そのおかげで、「よっこらしょ」という予備動作を軽減することだ。
最初は靴底を引きずるようにして歩かせてみる。
「できるだけ頭を揺らさないようにね」
注文をつけてやるが、なかなかどうして、みんな上手に歩く。
「なんだかモデルさんになった気分ですね♪」
キツネさんが歌うように言った。
本当ならここで立って座ってなどもやるのだが、本日の目標は「巻藁を斬ること」である。
早速取り掛かってもらおう。
それぞれの配信衣装に真っ黒な角帯は締め込まれ、そこに刀が落とされている。
刀の落とし方も様々あるのだが、柳心無双流では水平差し。
刀の鍔はヘソ近く、という形。
「まずは刀を抜きます。左手親指で鍔を押して、鯉口を切る」刀の柄を取る右手は拝むような形、下から上へ差し込むような形で柄へ。小指薬指をからみつかせ、中指人差し指は軽く添える。「それじゃあ左手を一本拳、刀身をしっかり挟み込んで……」
抜く。
同時に鞘も後ろへ引く。
ゆっくりで良い、静かにで良い。
縦に、天井に向かって突き出すようにして、逆に鞘は地面に向かって刀から抜いてゆく。
「切っ先が鯉口から離れたら、悠々と地面に向ける」
堂々と、格調高く抜き放つ。
「もう君たちは剣士でありサムライなんだ。気分と雰囲気をたっぷり出して、遠慮なくかまえなさい」
案外こういうのが、上達の秘訣だったりする。
「はい、右手で剣を取ってるけど、やっぱり形は一本拳ね。

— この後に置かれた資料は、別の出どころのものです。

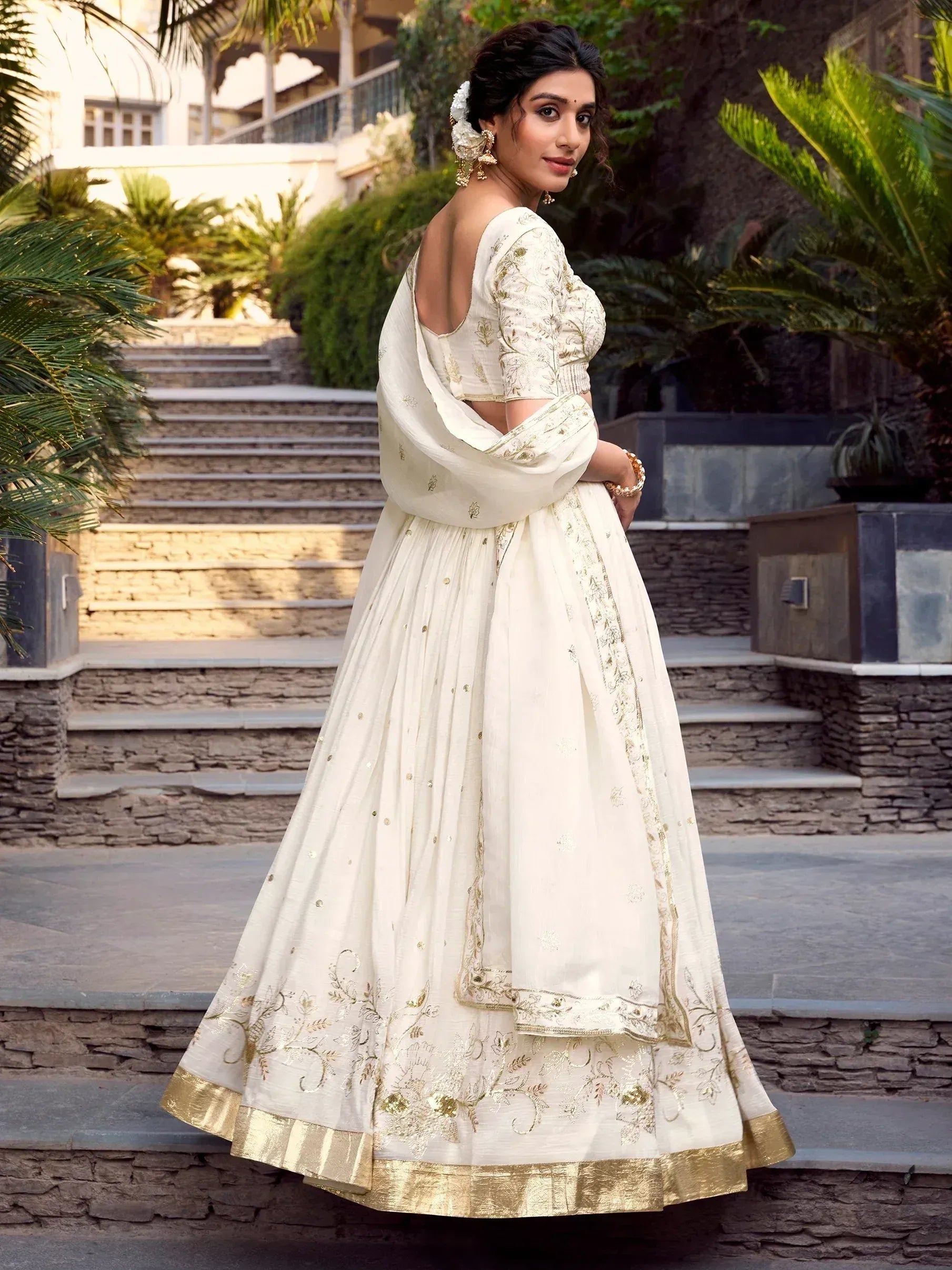 Elegant ivory lehenga choli with gold embroidery, perfect for Indian weddings and festive occasions.
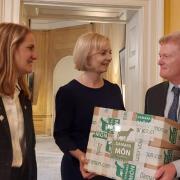 Virginia Crosbie MP and Ynys Môn farmer Peter Williams present a leg of lamb to the Prime Minister at No 10 Downing Street.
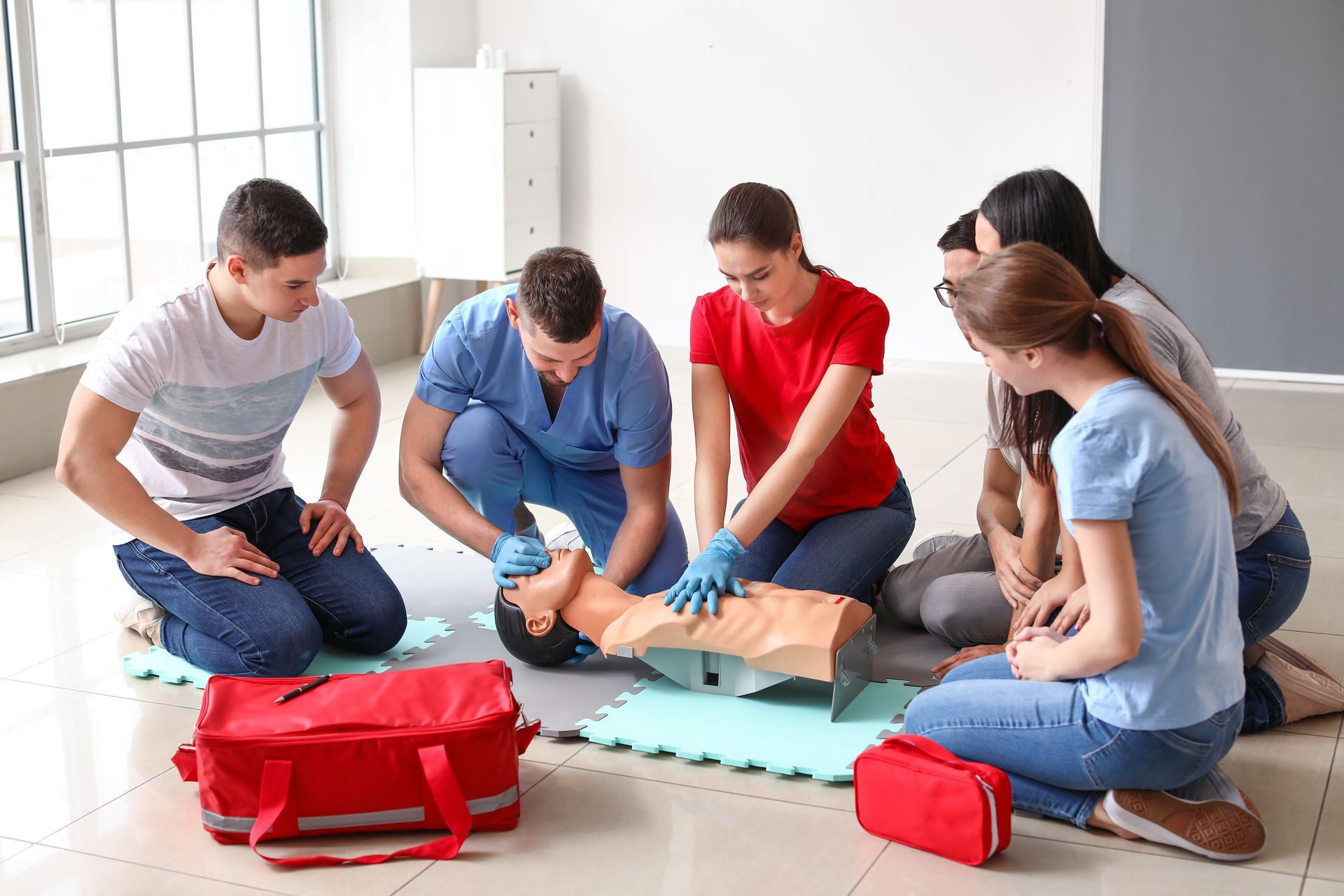 People in a first aid training course practicing CPR on a mannequin, indoors. A red medical bag sits in front.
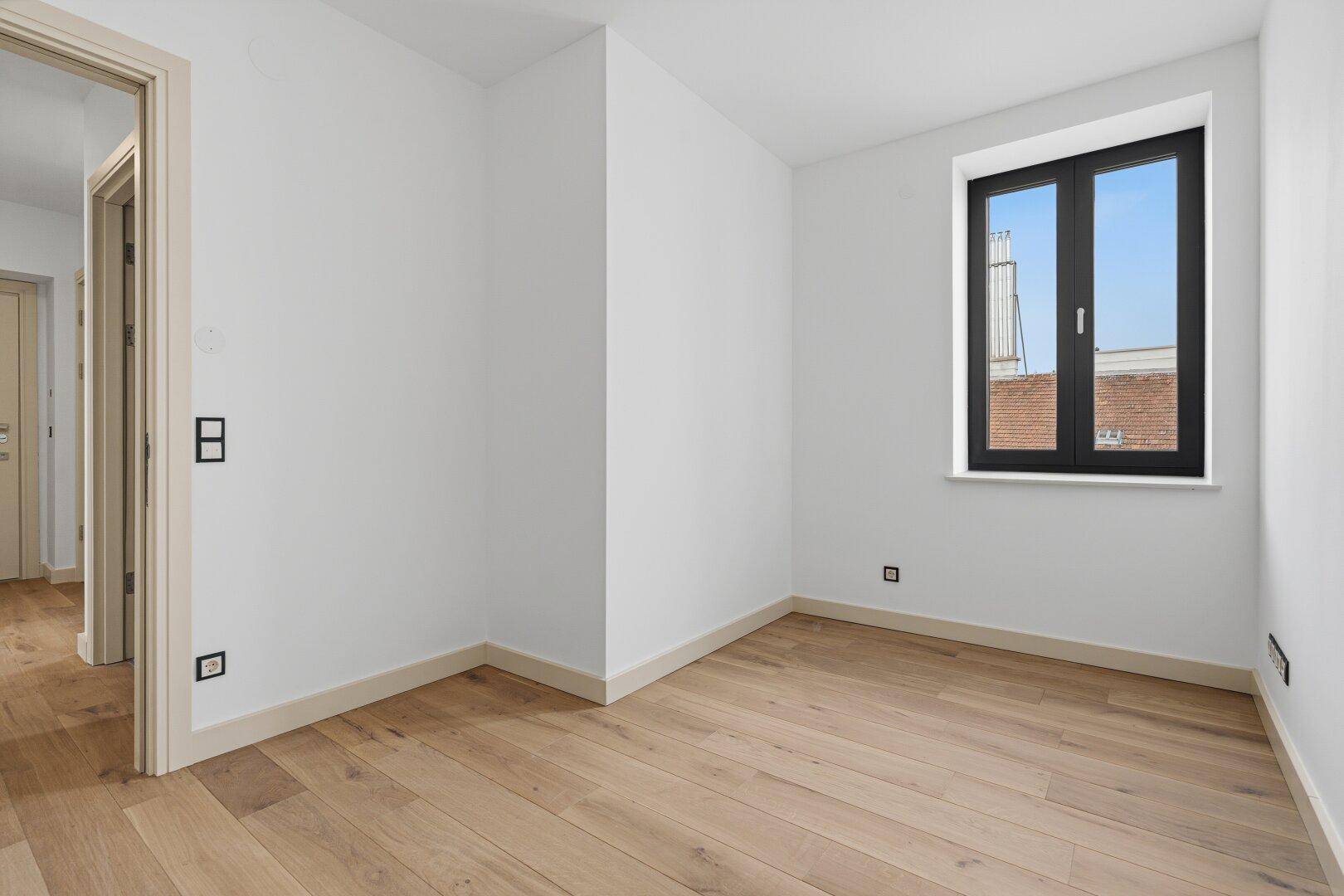 Helles, leeres Zimmer mit Holzboden und Fenster, bereit für individuelle Nutzung als Schlaf- oder Arbeitszimmer.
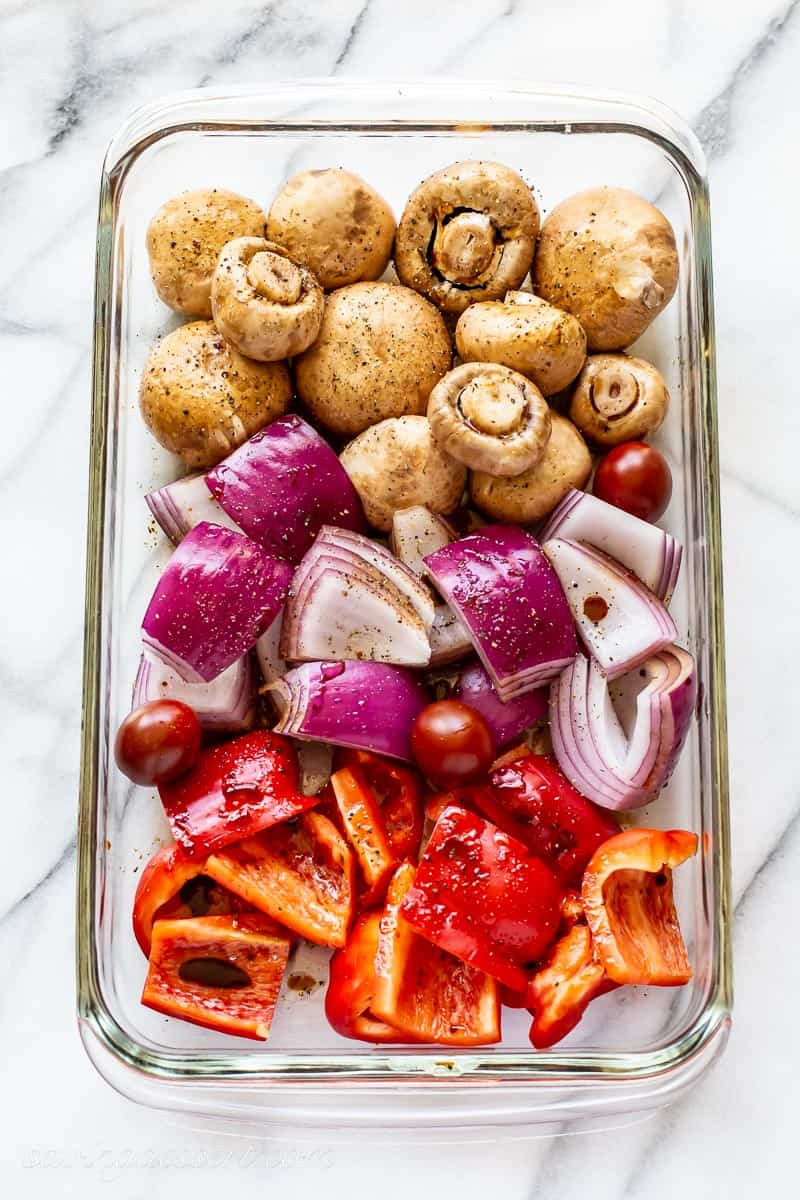 A glass pan with mushrooms onions and red pepper cubes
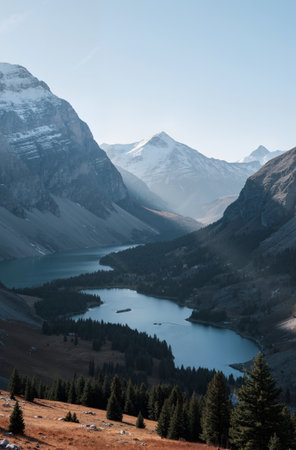Mountain landscape with blue lake and snow-capped peaks.の素材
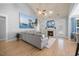 Bright living room with fireplace, TV, hardwood floors and ample seating for relaxation at 113 Cedardale Ct, Clayton, NC 27520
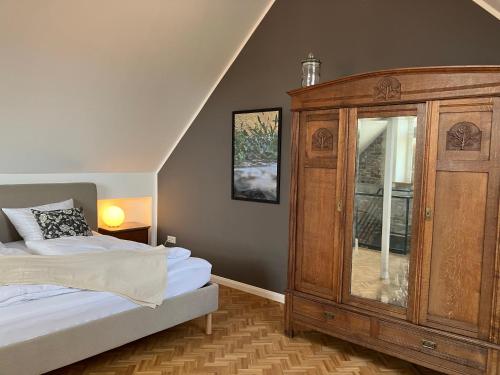 a bedroom with a wooden cabinet and a bed at freiheitACHT in Raesfeld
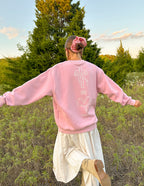 Woman wearing a pink Christian Crewneck Sweatshirt with a floral design on the back standing in a grassy field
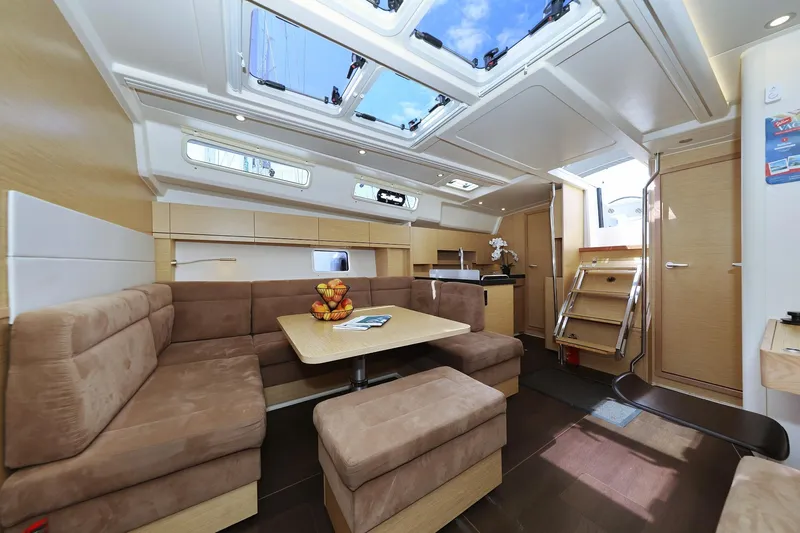 Apollo Yacht Photos Pics Luxurious interior of 2019 Hanse 458 yacht with skylights and cozy seating area.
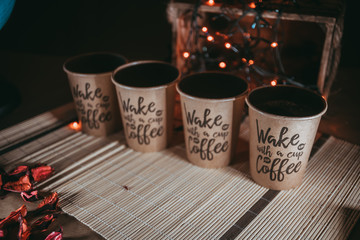 Cup of coffee on table with bookeh background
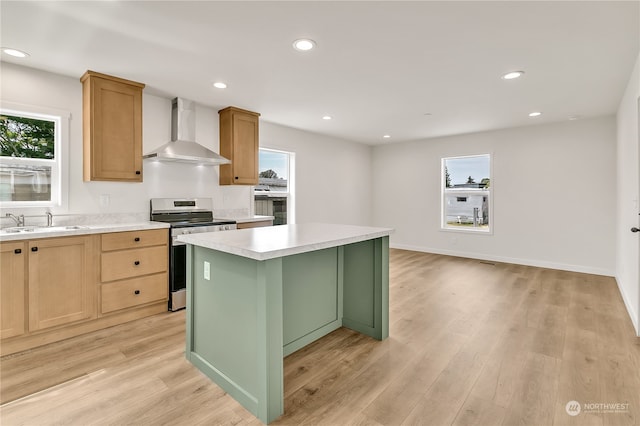 kitchen with a kitchen island, wall chimney exhaust hood, stainless steel electric range, plenty of natural light, and light hardwood / wood-style floors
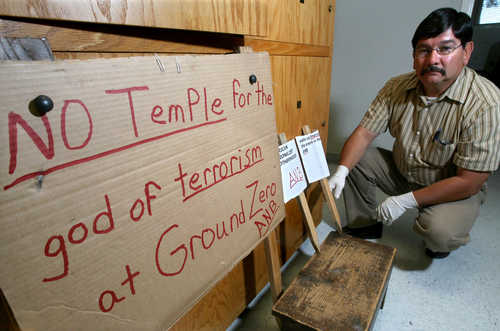 a sad-looking man crouches next to a crudely made cardboard sign that reads No temple for the God of terrorism at Ground Zero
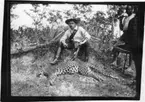 'Diverse fotografier från bl.a. dåvarande Nordrhodesia, nu Zambia, tagna av Konsul Magnus Leijer. ::  :: 1 st man sittande i jakrutrustning med en fälld leopard vid fötterna, ytterligare 2 st män är synliga.'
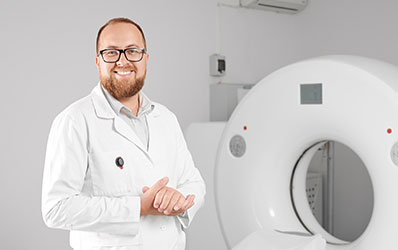 photo of a technologist standing in front of a CT machine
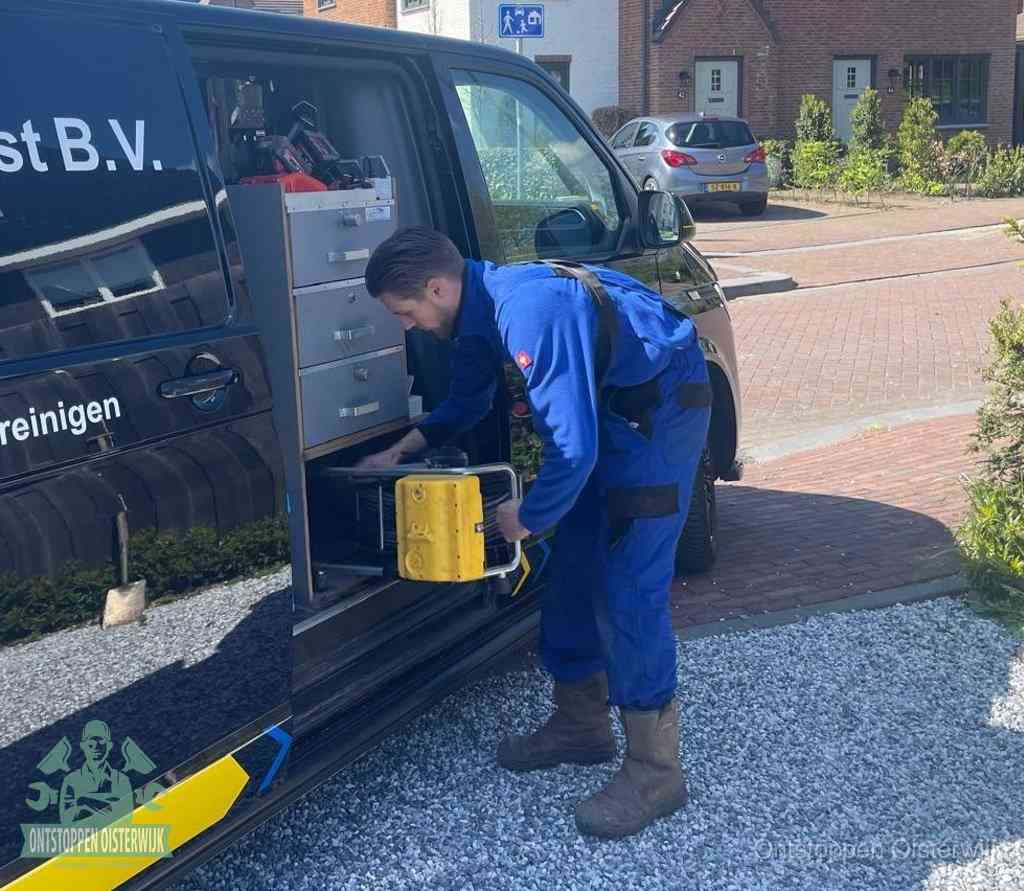 Een monteur pakt buiten op de oprit gereedschap uit de bedrijfsbus, het moment om een professional in te schakelen voor een verstopte afvoer in Oisterwijk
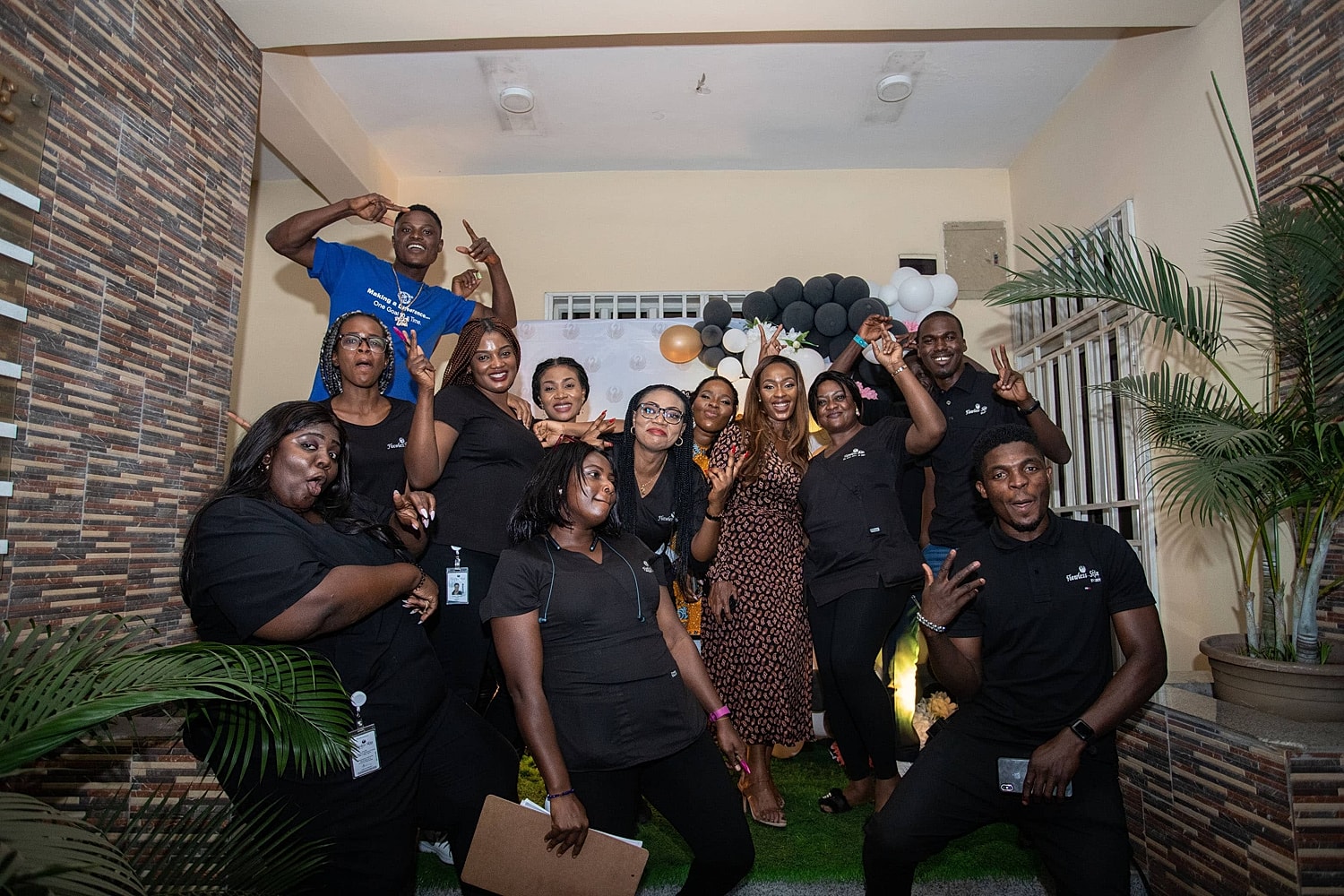 Team celebration with smiles and playful poses.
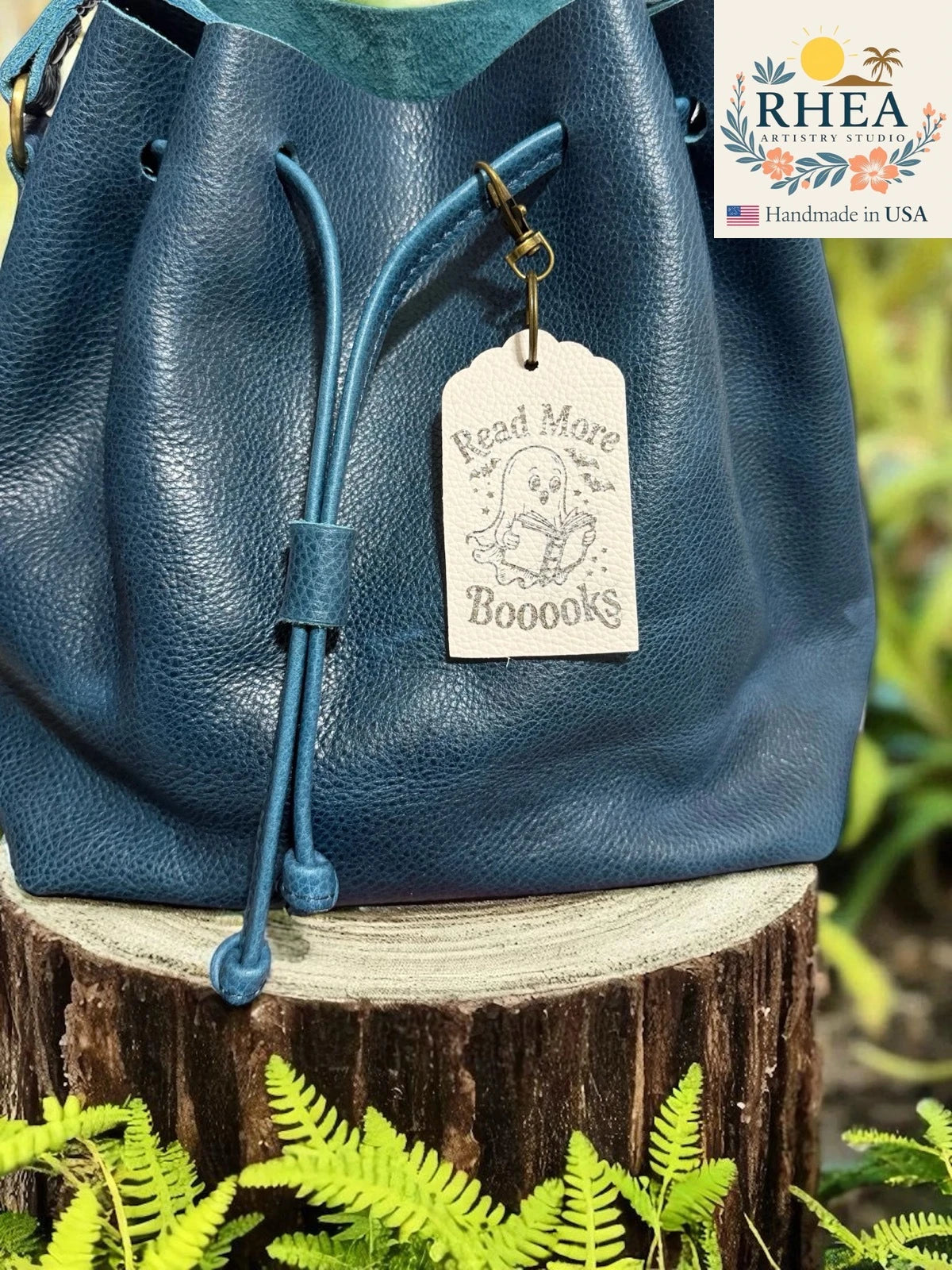 Blue leather bag with a leather tag on a wooden stump with greenery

そして人差し指。親指の先端を軽く触れ合わせること」
そのことで切っ先が暴れないようにコントロールするのだが、柳生新陰流などでは逆に切っ先を活かすと考えて、わざと指先を離すらしい。
「じゃあ、両手で構えるよ」
右手の刀を片手で中段に。左手で柄頭の側をとる。
「左手も一本拳で。柄頭は掌底の位置に」
モデルを務めるのはカエデさん。
左手を開き、掌底部分に剣の柄頭をあてがい、一本拳を作る。
そうしたら右手は触れるだけ、握っていた力を抜かせる。
全体的に眺めて、まだ力が入っている者に注意。
「それじゃあ次は八相の構え」
私は八相を展示。それから解説。
「刀身で耳にを隠すように。刀と耳にしたの距離は拳ひとつ程度。鍔は唇の高さ、左の古武道は正中線上で水月から拳ひとつ離して。脳天を糸で釣られてるみたいにシュッと立つ」
足の構えの表記を忘れていた。
なにも構えを取っていない状態なら、つま先を正面に向けて。
左右の足の空間は拳ひとつだけ、重心は真ん中が基本的な姿勢。
そこから右足をまっすぐに一足後退。
カカトを中心に三〇度から四五度開く。
「雰囲気たっぷりだけど、必要以上に目を怒らせない、アゴを引かない。あくまで自然に、ゆったりとね」
銃器刀剣の類は人をその気にさせてしまう。
だが、無駄な殺気や闘争心は無駄でしかない。
そうした力み、心の力みは刃筋を狂わせてしまうのだ。
まずは中段の構えで。
「それじゃあ次は中段の構えで、左手の掌底部分を押し込むようにして切っ先を持ち上げる」
切っ先を持ち上げるというか、刀身が立ち上がる。
「はい、それじゃあ同じコースをたどって、丁寧に元の中段に戻ります」
丁度ビデオテープの逆再生だ。
もう一度掌底で刀身を立たせて、逆再生で中段の構えに戻る。
「それじゃあ今度は、少しずつ刀身を水平まで降ろしていきます。注意点は、左手一本の約束を忘れない。そして左の手首が、クテンと伸びきらないようにしっかりふたつの拳を振り下ろすこと」
左手首が伸び切っている者は、カエデさんが指摘して回る。
その際、刀身の重さを左手の掌で受け止めることを教えていた。
そして、立てた刀身を小指で締め込みながら、水平よりやや切っ先が下がるというところまで教えが進む。
「さて、それでは」
おもむろに、台と台に橋渡しにした巻藁登場。
私は人を選ぶ。
「まずはニャンコさん、前へ」
「え〜〜? なにが始まるんだろ〜〜?」
のんびりマイペースな口調。肩の力も程よく抜けている。
「まずは刀を中段に構えて」
私はニャンコさんの構えに、巻藁の位置を合わせる。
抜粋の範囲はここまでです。